However, regarding the European Macaronesia islands (Azores, Madeira, and Canary) no comprehensive study has been made concerning the relationship between ARs and extreme precipitation. To do so, we have analysed recorded daily precipitation from different locations in the different European Macaronesia islands and computed the percentiles into 10% bins.

Regarding the ARs database we have used the method of Guan and Waliser et al., (2015) applied to 4 different reanalysis datasets (ERA-Interim; CFSR; MERRA2 and NCEP/NCAR). The use of multiple reanalyses is necessary to ensure more robust results since the Atlantic islands are relatively small and therefore changes in the resolution of the reanalysis datasets could influence the results.

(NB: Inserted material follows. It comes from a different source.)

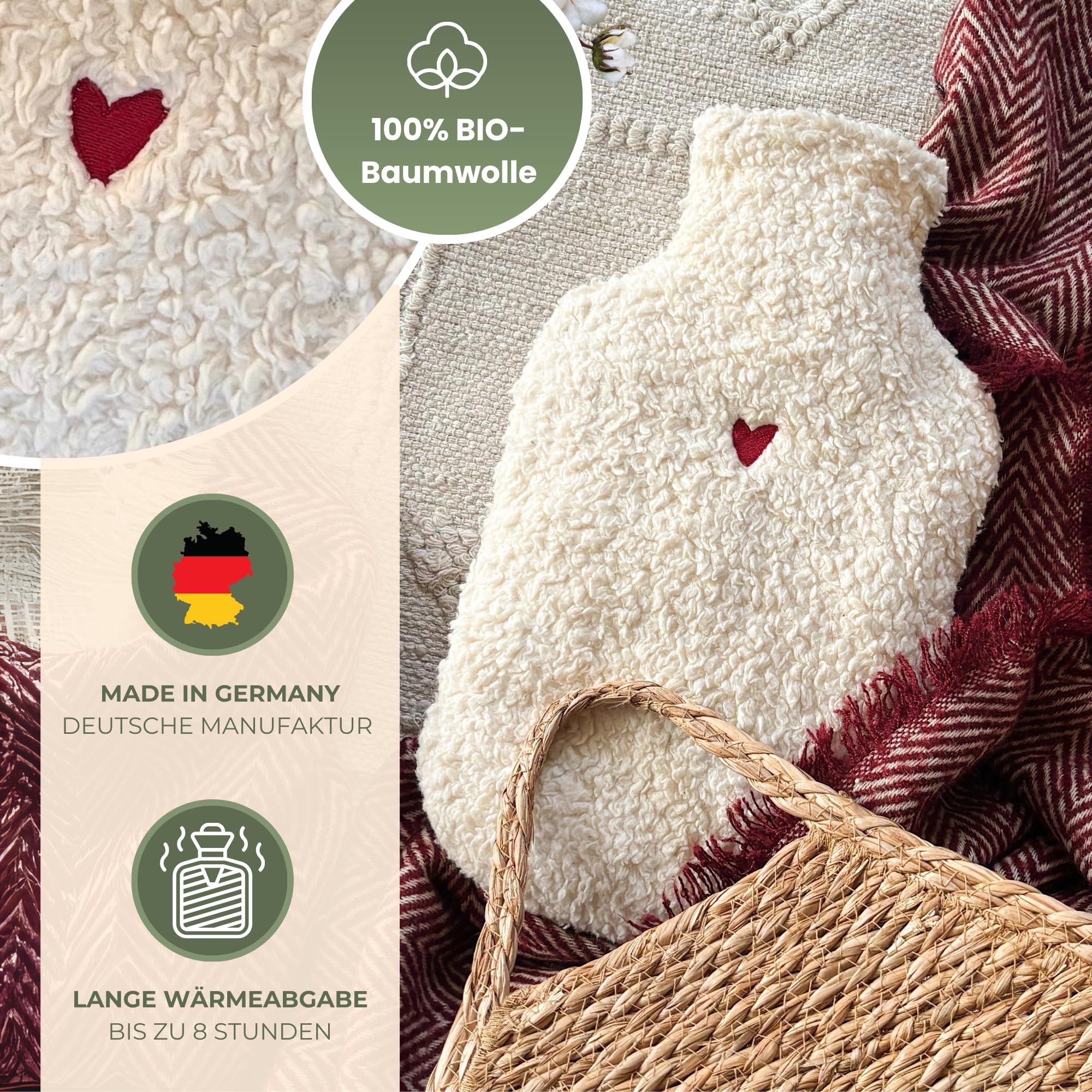 kontor28 - Morbida borsa dell'acqua calda TEDDY con rivestimento in 100% cotone biologico, realizzata a mano in Germania, a prova di perdite, inodore e analgesico per bambini/adulti – 2,0 litri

It is shown that the ARs influence over extreme precipitation (above the 90th percentile) is higher in the Azores islands when compared with the Madeira or the Canary Islands. In the Azores, for the most extreme precipitation days, the presence of ARs is particularly high between 60% and 70% of the days) while for Madeira the importance of the ARs is reduced to 50-60% of the most extreme precipitation days. For the Canary Islands, the occurrence of ARs on extreme precipitation is usually below 50% of the days.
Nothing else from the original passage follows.